Pochi dossier sono stati complicati come quello di Autostrade. Qualsiasi partita finanziaria, anche se pesantemente infiltrata dalla politica, arriva in genere al fischio finale. Presumibilmente, anche questa prima o poi si chiuderà. Ma la strada è ancora in salita.
Il limite della trattativa in corso è scritto nella storia dell’intera vicenda, a partire dal crollo del Ponte Morandi, e soprattutto dagli interessi delle parti sedute al tavolo.
Il governo ha tutto l’interesse che si arrivi rapidamente a una soluzione per Autostrade. L’equilibrio precario nella maggioranza e la posizione ideologica tenuta dal Movimento Cinquestelle, insieme alla nuova profonda crisi legata al Coronavirus, suggeriscono di sminare il prima possibile un terreno di potenziale conflitto.

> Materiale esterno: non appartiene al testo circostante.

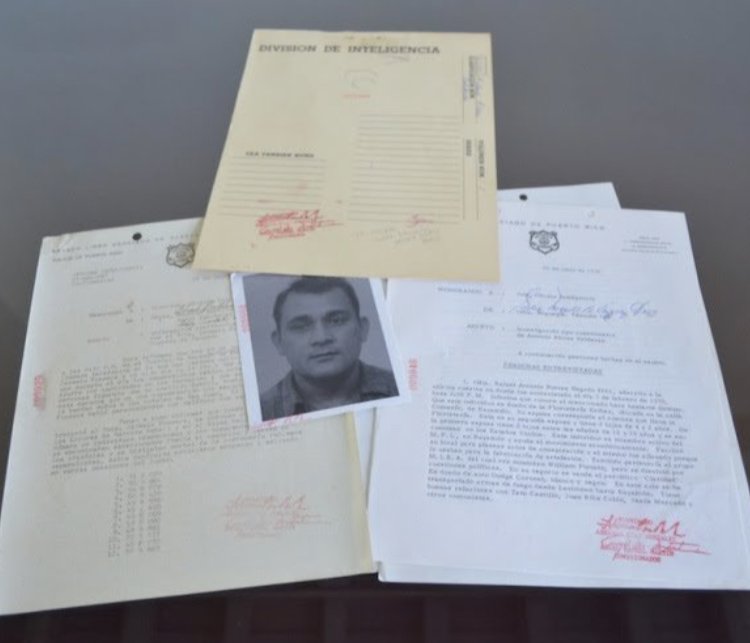 <a href="/PIPtwitteando/">PIP</a> <a href="/denismarquezpip/">Denis Márquez Lebrón</a> <a href="/NelsonADenis/">Nelson Denis</a> <a href="/CarmenYulinCruz/">Carmen Yulín Cruz</a> <a href="/FuegoCruzado_PR/">Fuego Cruzado</a> <a href="/PPDsoberanistas/">Soberanistas del PPD</a> <a href="/manuelnatal/">Manuel Natal Albelo</a> <a href="/AlexandraLugaro/">Alexandra Lúgaro</a> <a href="/nestorduprey/">Nestor Duprey</a> <a href="/luisvegaramos/">Luis Vega Ramos</a> <a href="/RepGutierrez/">Luis V. Gutiérrez</a> <a href="/democracynow/">Democracy Now!</a> <a href="/NydiaVelazquez/">Rep. Nydia Velazquez</a> <a href="/BoricuaTimes/">Boricua Times</a> <a href="/80grados/">80grados</a> @TitoRomanRivera <a href="/MMViverito/">Melissa Mark-Viverito</a> <a href="/elartedemorir/">Mariana Nogales</a> @BernabePPT <a href="/RadioIndePR/">Radio Independencia</a> <a href="/DemocracyNowEs/">Democracy Now! en español</a> <a href="/rosaclemente/">Rosa A. Clemente</a> <a href="/PhillipArroyo/">The Arroyo Law Firm</a> <a href="/ClaridadPR/">Periódico Claridad</a> <a href="/CoalicionPPP/">Playas Pal' Pueblo</a> <a href="/casapuebloorg/">Casa Pueblo</a> <a href="/latinorebels/">Latino Rebels ☆</a> @YanieYampier <a href="/Cheparalitici/">Che Paralitici</a> @CepedaArcelay <a href="/BoriFrases/">BoriFrases.Store</a> @gracemariecll <a href="/Tato_100pueblo/">Jose Rivera Santana</a> <a href="/minhpuertorico/">MINH Puerto Rico</a> <a href="/JHostosiana/">Juventud Hostosiana</a> <a href="/JuventudPIP/">Juventud PIP</a> <a href="/heidix_/">•moriviví</a> <a href="/Franquillo/">Francisco Jiménez</a> @pur_gabriel <a href="/GuarioCandanga/">¿Dónde está el porvenir? 🇵🇷🇨🇺🇵🇸</a> <a href="/angryboricua/">M.A.R.C.A.N.O</a> <a href="/pheto/">Héctor Iván</a> <a href="/estigom/">Young Skywalker</a> <a href="/EddaLopez/">Edda López 🌻</a> <a href="/C12Mag/">Aquiles Pico</a> <a href="/juandalmauPR/">Juan Dalmau</a> @chrisorocovis #HoyEnPR 1988 Tribunal Supremo de PR ordenó a la policía entregar sobre 135,000 expedientes a personas carpeteadas, en su mayoría independentistas. Juez Asociado Peter Ortiz redactó opinión y validó al juez Arnaldo López del Tribunal Superior que ordenó al gobierno a entregarlas.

Cdp, e l’amministratore delegato Fabrizio Palermo, hanno lo stesso interesse. In un’ottica di sistema e anche, a voler essere maliziosi, guardando al prossimo rinnovo del vertice della Cassa. E c’è anche dell’altro. Cdp ha un interesse in più: il credito nei confronti di Atlantia e Aspi, che complessivamente è di circa 1,9 miliardi. Poco meno di un miliardo solo con Aspi. Palermo ha anche un paletto ben piantato per terra: l’operazione deve essere sostenibile, sia nel prezzo sia nelle prospettive di sviluppo industriale. C’è il vincolo statutario di dover fare un’operazione sulla base di una valutazione trasparente e di mercato. E, soprattutto, con prospettive di redditività, motivazione per la quale Blackstone e Macquarie si sono imbarcati nel progetto.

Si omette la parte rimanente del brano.